═════ DATA BLOCK ═════
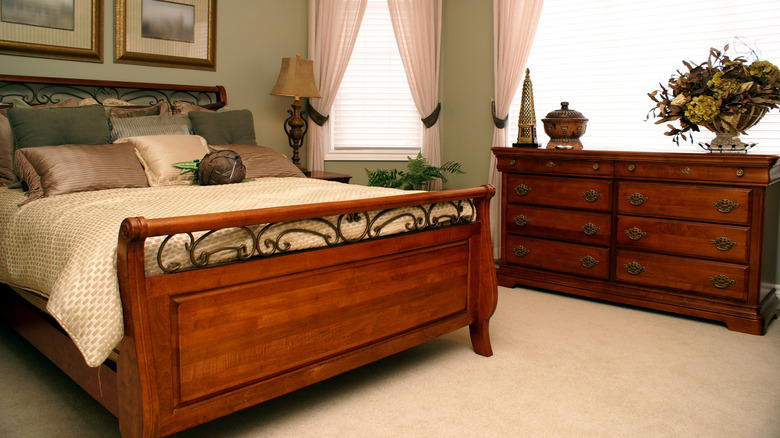 A dated-looking bedroom featuring swag curtains and a heavy wood dresser and bed frame. The room has light sage walls and beige carpet.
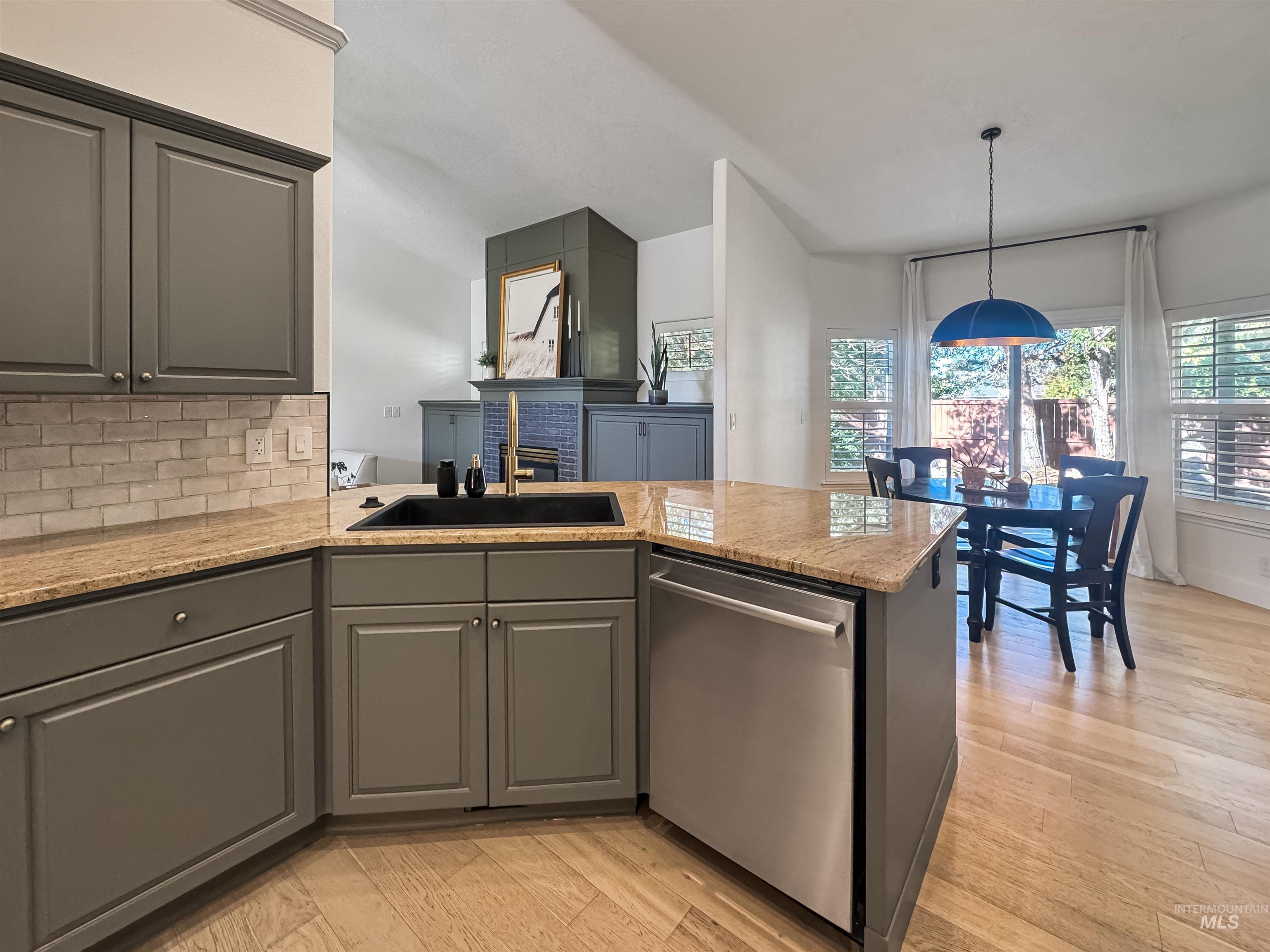 Kitchen featuring gray cabinetry, light granite countertops, a black sink with a gold-finish faucet, a stainless steel dishwasher, and a light wood-finish floor
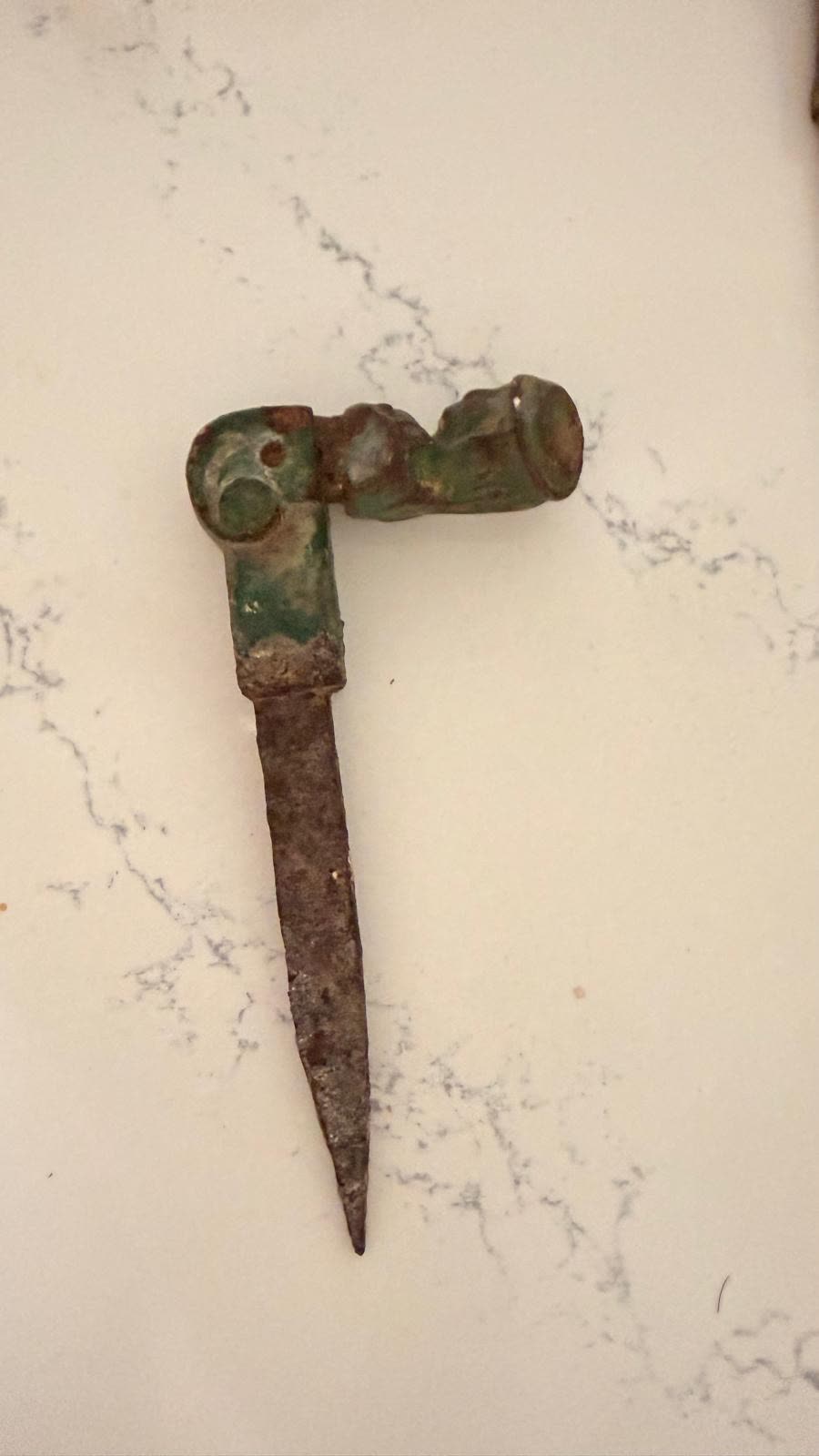 A second cast iron shutter hinge before cleaning, with green paint over corrosion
═════
(DESCRIPTION OF THE TASK):
Only the lines from the one containing "Kitchen featuring gray" through the final line of the data are to be written out, exactly as they stand and without pictures.

(TASK RESPONSE):
 Kitchen featuring gray cabinetry, light granite countertops, a black sink with a gold-finish faucet, a stainless steel dishwasher, and a light wood-finish floor
 A second cast iron shutter hinge before cleaning, with green paint over corrosion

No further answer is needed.